WHAT TO WORK ON:
Retype, word for word, the lines from the first line of the entries through the line that holds "綿100% ヴィンテージ風 半袖Tシャツ（フロントプリント）"; leave out the pictures.

(Caption-style text data)
==============================

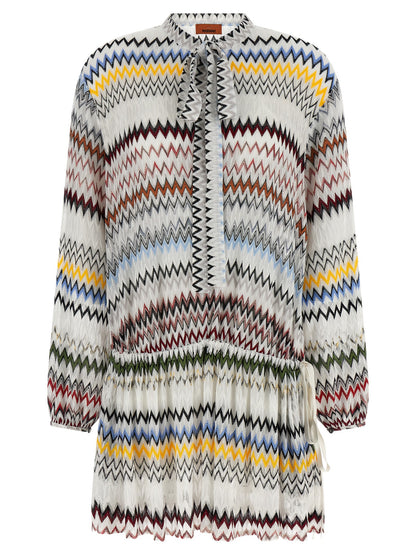 White Viscose Short Dress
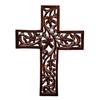 Hölzernes Jesus Christus Wandkreuz: Handgeschnitzte Antik-Design Hängeplakette für Heim-Altarraum-Dekor, Braun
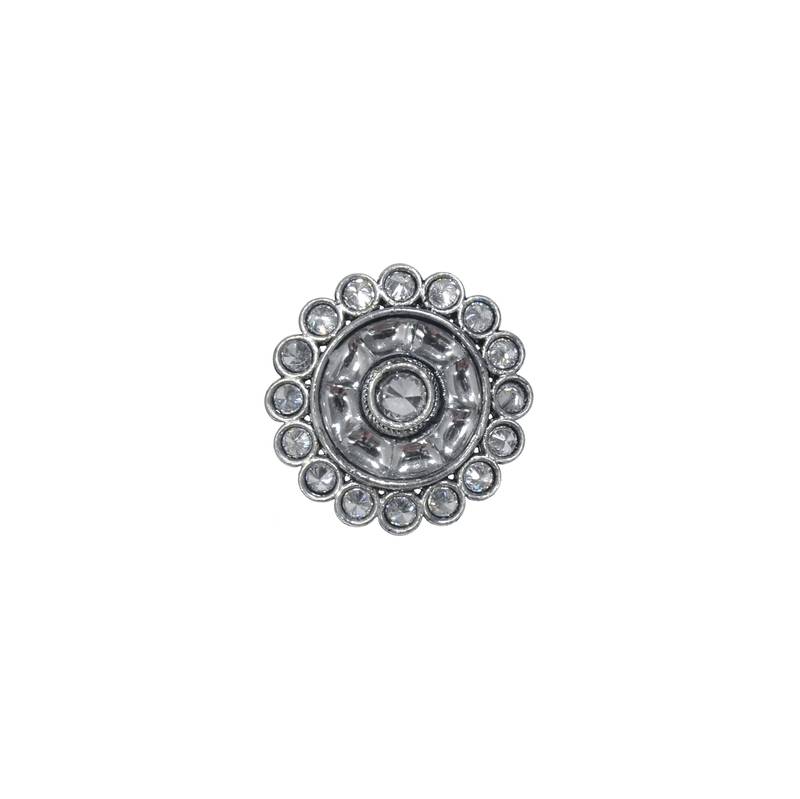 Splendid round shape silver plated kundan stone adjustable finger ring for women and girls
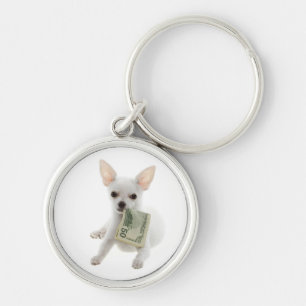 Liefde Witte Chihuahua Puppie Hond Sleutelhanger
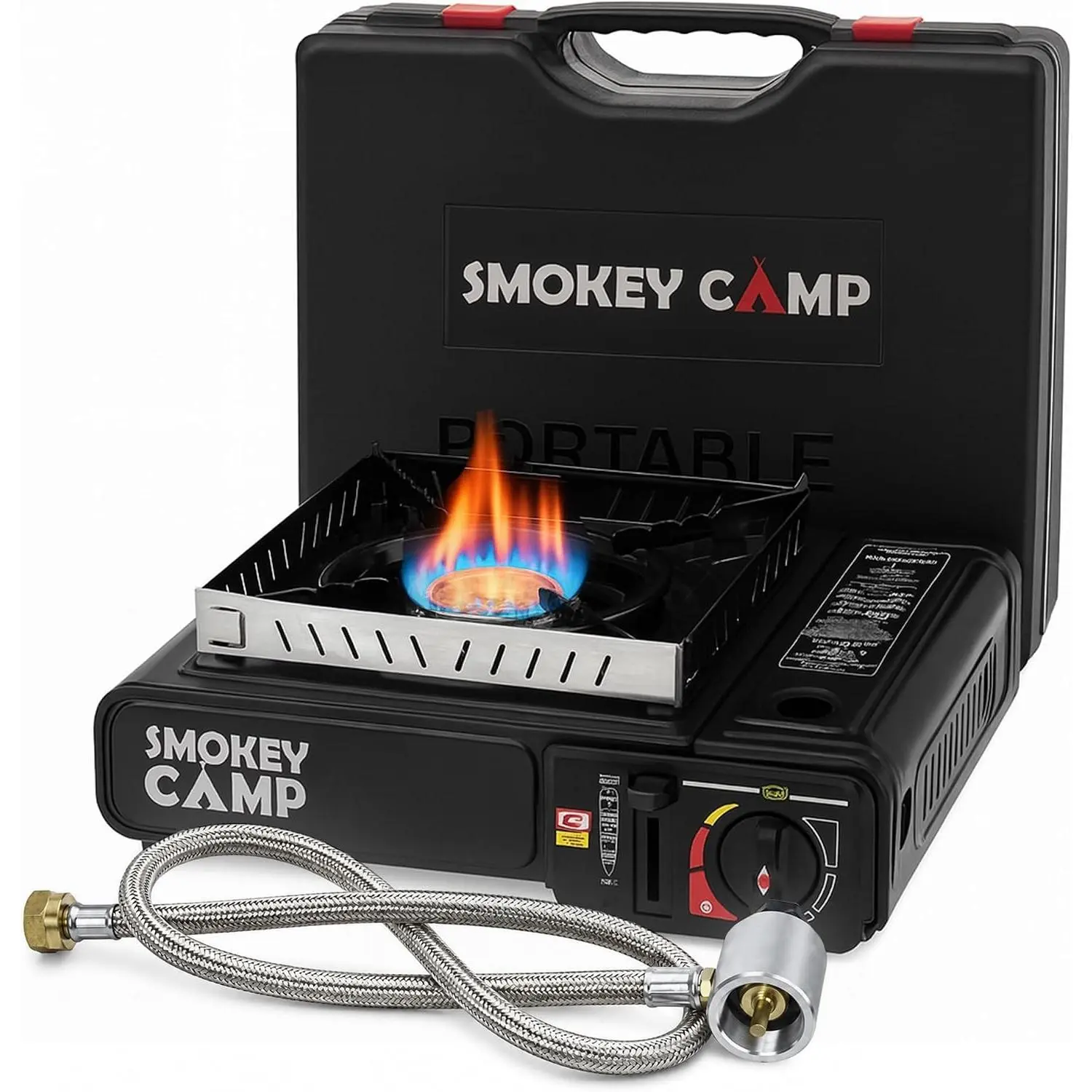 Portable Camping Stove, 3000W Dual Fuel Butane & Propane Gas Stove, Automatic Ignition, Adjustable Flame Control, Compact Backpacking Stove for Camping & Outdoor Cooking (with Adapter Pipe)Gift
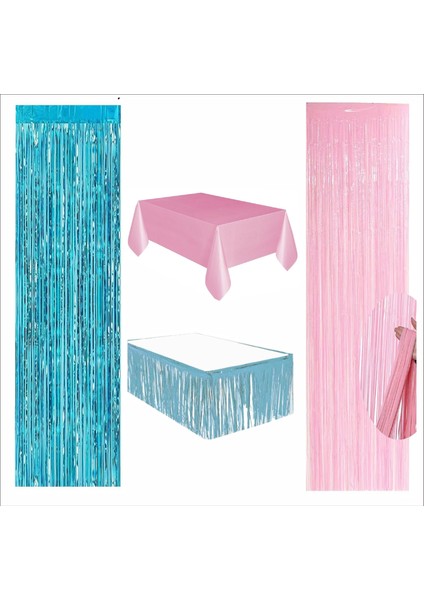 Pembe Masa Örtüsü, Mavi Masa Eteği, 1 Adet Pembe, 1 Adet Mavi Arka Fon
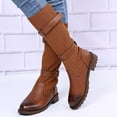 thumbnail image 5 of Knee High Boots Women Wide Calf Flat Low Block Heel Ladies Stretchy Booties Elastic Buckle Winter Shoes Retro Walking Classic Chelsea Boot Western Shoes Sale Clearance US Size 4 5 6 7 8 9, 5 of 7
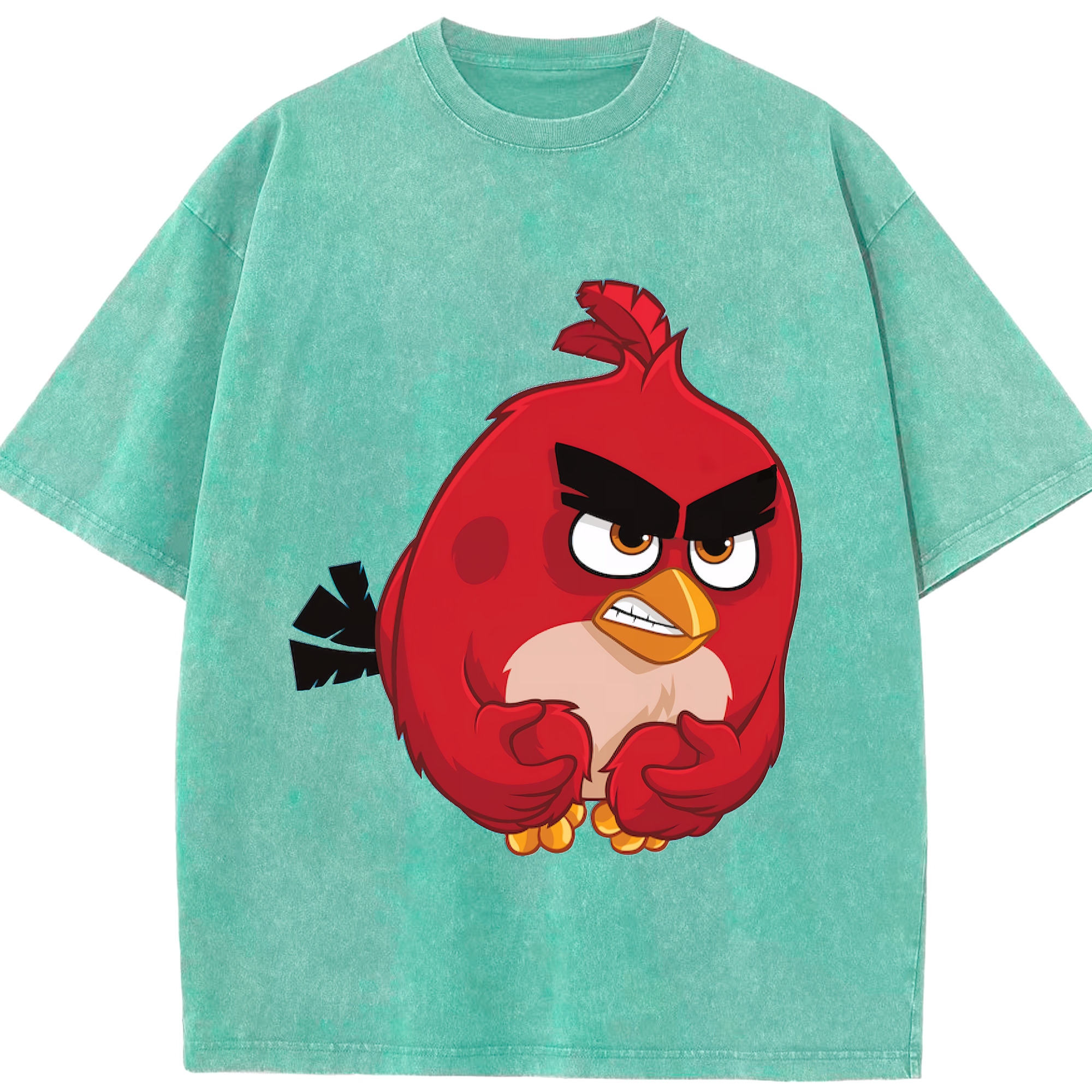 （画像用） Angry Birds アングリーバード 綿100% ヴィンテージ風 半袖Tシャツ（フロントプリント）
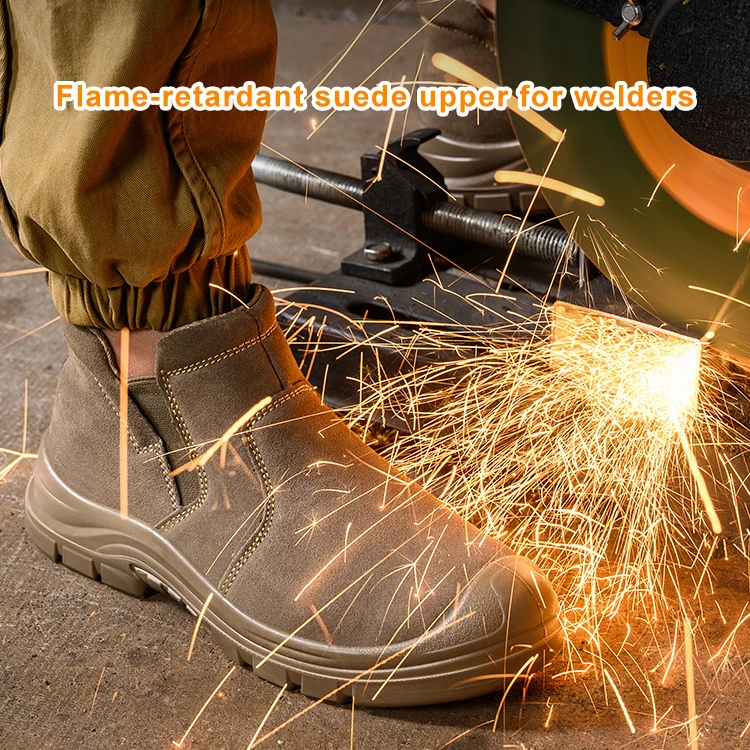 New Brown Nubuck Leather Safety Boots Abrasion-Resistant welder work shoes with Steel Toe for Workers Summer Season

==============================

OUTPUT FOR THIS EXERCISE:
 White Viscose Short Dress
 Hölzernes Jesus Christus Wandkreuz: Handgeschnitzte Antik-Design Hängeplakette für Heim-Altarraum-Dekor, Braun
 Splendid round shape silver plated kundan stone adjustable finger ring for women and girls
 Liefde Witte Chihuahua Puppie Hond Sleutelhanger
 Portable Camping Stove, 3000W Dual Fuel Butane & Propane Gas Stove, Automatic Ignition, Adjustable Flame Control, Compact Backpacking Stove for Camping & Outdoor Cooking (with Adapter Pipe)Gift
 Pembe Masa Örtüsü, Mavi Masa Eteği, 1 Adet Pembe, 1 Adet Mavi Arka Fon
 thumbnail image 5 of Knee High Boots Women Wide Calf Flat Low Block Heel Ladies Stretchy Booties Elastic Buckle Winter Shoes Retro Walking Classic Chelsea Boot Western Shoes Sale Clearance US Size 4 5 6 7 8 9, 5 of 7
 （画像用） Angry Birds アングリーバード 綿100% ヴィンテージ風 半袖Tシャツ（フロントプリント）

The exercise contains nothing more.